Question

the angle of elevation from point a on the ground to the top of a water tower is 30°. from point b, which is 10 m closer to the tower than point a, the angle of elevation is 45°. determine the height of the water tower. include a diagram in your answer.

Explanation:

Step1: Set up variables

Let the height of the water - tower be $h$ meters and the distance from point $B$ to the base of the water - tower be $x$ meters.

Step2: Use tangent function for point B

Since the angle of elevation from point $B$ is $45^{\circ}$, we know that $\tan45^{\circ}=\frac{h}{x}$. Since $\tan45^{\circ}=1$, we have $h = x$.

Step3: Use tangent function for point A

The distance from point $A$ to the base of the water - tower is $(x + 10)$ meters. The angle of elevation from point $A$ is $30^{\circ}$. So, $\tan30^{\circ}=\frac{h}{x + 10}$. Since $\tan30^{\circ}=\frac{1}{\sqrt{3}}$, we get $\frac{1}{\sqrt{3}}=\frac{h}{h + 10}$ (because $x = h$).

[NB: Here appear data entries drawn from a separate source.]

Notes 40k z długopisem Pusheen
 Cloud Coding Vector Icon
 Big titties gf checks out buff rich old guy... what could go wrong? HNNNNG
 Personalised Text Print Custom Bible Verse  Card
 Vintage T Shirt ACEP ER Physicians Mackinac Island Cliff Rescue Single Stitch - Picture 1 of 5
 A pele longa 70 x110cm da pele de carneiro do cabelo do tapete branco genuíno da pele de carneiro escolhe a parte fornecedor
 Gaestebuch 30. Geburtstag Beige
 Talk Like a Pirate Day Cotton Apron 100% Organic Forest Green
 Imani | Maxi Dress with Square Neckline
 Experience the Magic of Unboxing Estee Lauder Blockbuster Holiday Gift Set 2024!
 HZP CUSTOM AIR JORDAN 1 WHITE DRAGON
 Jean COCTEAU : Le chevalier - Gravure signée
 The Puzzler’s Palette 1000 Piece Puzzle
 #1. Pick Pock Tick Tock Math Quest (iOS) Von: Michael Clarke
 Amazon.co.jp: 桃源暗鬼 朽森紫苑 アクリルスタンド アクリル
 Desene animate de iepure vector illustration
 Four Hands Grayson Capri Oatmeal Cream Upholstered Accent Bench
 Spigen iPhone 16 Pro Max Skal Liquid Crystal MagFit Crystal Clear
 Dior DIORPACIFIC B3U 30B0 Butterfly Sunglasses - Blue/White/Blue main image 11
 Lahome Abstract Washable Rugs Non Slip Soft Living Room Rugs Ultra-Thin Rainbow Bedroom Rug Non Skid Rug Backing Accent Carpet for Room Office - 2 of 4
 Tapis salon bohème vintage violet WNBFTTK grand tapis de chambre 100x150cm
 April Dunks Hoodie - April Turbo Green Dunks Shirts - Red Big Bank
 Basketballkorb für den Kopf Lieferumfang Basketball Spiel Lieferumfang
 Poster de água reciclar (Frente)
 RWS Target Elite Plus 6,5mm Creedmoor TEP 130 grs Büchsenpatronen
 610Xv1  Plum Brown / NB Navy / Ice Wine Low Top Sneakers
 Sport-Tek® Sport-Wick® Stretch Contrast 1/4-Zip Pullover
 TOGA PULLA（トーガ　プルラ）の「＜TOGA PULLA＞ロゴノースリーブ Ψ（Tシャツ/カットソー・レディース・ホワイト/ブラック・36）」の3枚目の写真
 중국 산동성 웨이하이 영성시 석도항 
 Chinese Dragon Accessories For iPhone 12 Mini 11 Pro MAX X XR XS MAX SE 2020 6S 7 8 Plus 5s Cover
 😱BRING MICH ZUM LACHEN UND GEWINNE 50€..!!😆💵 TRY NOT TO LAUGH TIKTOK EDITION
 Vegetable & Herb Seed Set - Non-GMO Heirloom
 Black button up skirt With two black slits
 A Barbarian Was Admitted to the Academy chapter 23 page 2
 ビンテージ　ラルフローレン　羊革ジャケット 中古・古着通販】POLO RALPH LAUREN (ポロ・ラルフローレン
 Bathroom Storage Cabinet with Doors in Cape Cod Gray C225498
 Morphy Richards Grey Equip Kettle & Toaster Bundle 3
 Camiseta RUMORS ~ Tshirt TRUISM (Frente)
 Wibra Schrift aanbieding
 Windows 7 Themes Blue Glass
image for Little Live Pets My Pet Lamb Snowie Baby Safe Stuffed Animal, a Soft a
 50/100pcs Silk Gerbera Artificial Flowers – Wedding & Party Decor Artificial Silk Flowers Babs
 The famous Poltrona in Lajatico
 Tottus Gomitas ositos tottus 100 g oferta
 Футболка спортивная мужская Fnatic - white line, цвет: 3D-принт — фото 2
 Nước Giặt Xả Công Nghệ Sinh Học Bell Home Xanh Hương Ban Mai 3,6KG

Step4: Cross - multiply and solve for h

Cross - multiplying the equation $\frac{1}{\sqrt{3}}=\frac{h}{h + 10}$ gives $h + 10=h\sqrt{3}$.
Rearranging the terms: $h\sqrt{3}-h = 10$.
Factor out $h$: $h(\sqrt{3}-1)=10$.
Then $h=\frac{10}{\sqrt{3}-1}$.
Rationalize the denominator: $h=\frac{10(\sqrt{3}+1)}{(\sqrt{3}-1)(\sqrt{3}+1)}$.
Since $(\sqrt{3}-1)(\sqrt{3}+1)=3 - 1=2$, we have $h = 5(\sqrt{3}+1)\approx5(1.732 + 1)=5\times2.732 = 13.66$ meters.

Answer:

$h = 5(1+\sqrt{3})\text{ m}\approx13.66\text{ m}$